# What you should do
A verbatim copy of all the data is required, minus any images.

# Information shown
------------------------------------------------------------------------

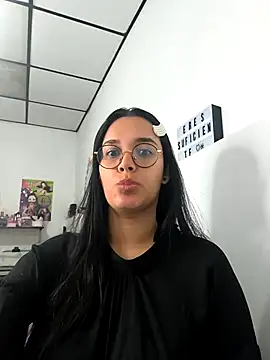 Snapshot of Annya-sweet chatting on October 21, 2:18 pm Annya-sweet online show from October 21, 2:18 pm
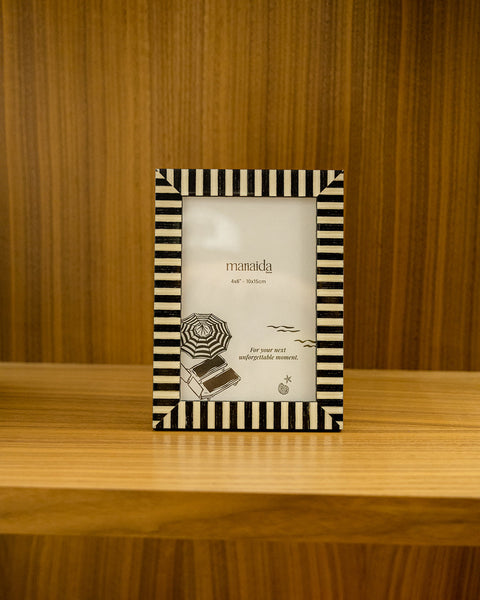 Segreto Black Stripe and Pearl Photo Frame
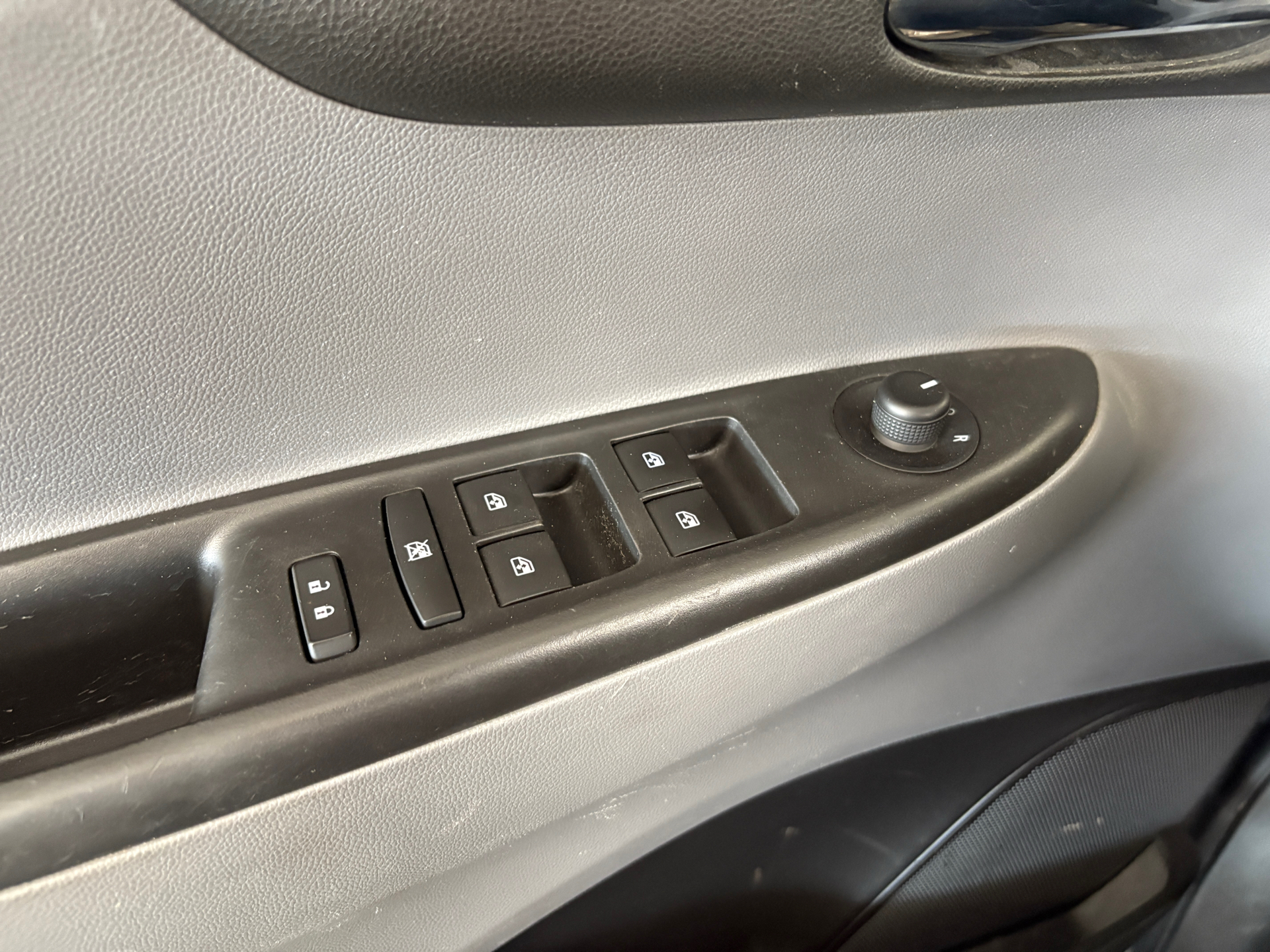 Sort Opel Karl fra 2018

------------------------------------------------------------------------

# Solved exercise
 Snapshot of Annya-sweet chatting on October 21, 2:18 pm Annya-sweet online show from October 21, 2:18 pm
 Segreto Black Stripe and Pearl Photo Frame
 Sort Opel Karl fra 2018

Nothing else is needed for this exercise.